Inverse eigenvalue problems for inhomogeneous media: theoretical and numerical advances
Inverse eigenvalue problems for inhomogeneous media: theoretical and numerical advances
"Inverse eigenvalue problems for inhomogeneous media: theoretical and numerical advances", organizado polo CITMAga. Será impartido por Nikolaos Pallikarakis, Departamento de Matemáticas (National Technical University of Athens)
Data: mércores 25 de xaneiro
Hora: 11:00 h.
Duración: 40 min
Lugar: Salón de graos, Facultade de Informática e en liña (MS Teams)
Abstract:
Research on inverse eigenvalue problems has been a very active subject both from a theoretical and a computational point of view. In this talk, after a brief introduction on the inverse Sturm-Liouville eigenvalue problem, we discuss the transmission eigenvalue problem. This problem arises in the inverse scattering of inhomogeneous media and is a non-standard and non-self-adjoint eigenvalue problem.
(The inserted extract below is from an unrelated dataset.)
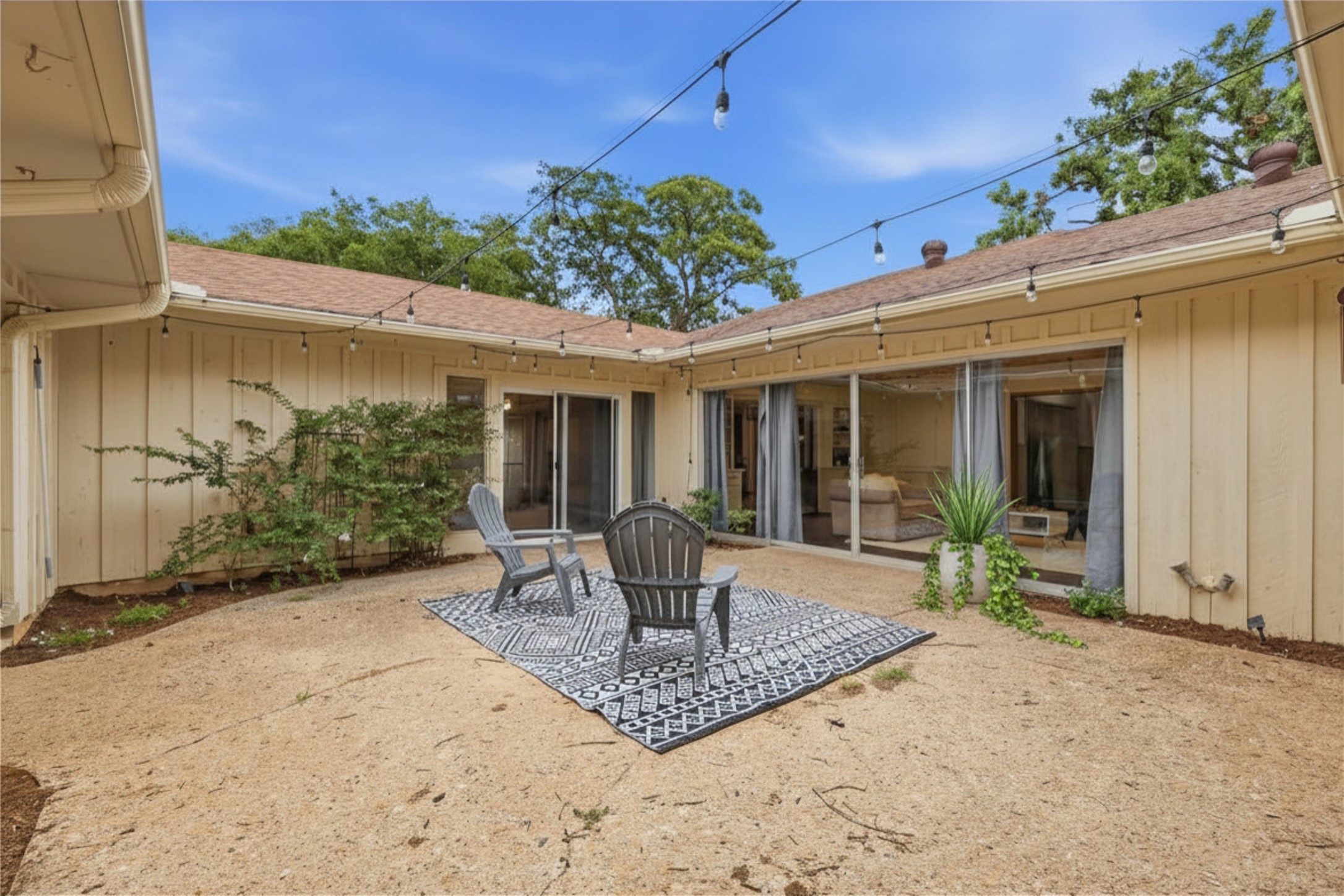 823 Ridgecrest Circle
We present some older and recent uniqueness results for the inverse spectral problem in the case when the refractive index is spherically symmetric, as well as when the refractive index is discontinuous. Next, we present a computational spectral-Galerkin method to solve the discrete direct transmission eigenvalue problem and define the corresponding inverse problem. Some examples of reconstructing constant and piecewise constant refractive indices of discs, using the lowest transmission eigenvalues are given. Finally, we propose a new idea of solving the above inverse eigenvalue problems using supervised Machine Learning regression methods. The models we use are k-Nearest Neighbours, Random Forest and Multi-Layer Perceptron (Artificial Neural Network). We verify the effectiveness of these models with some numerical examples.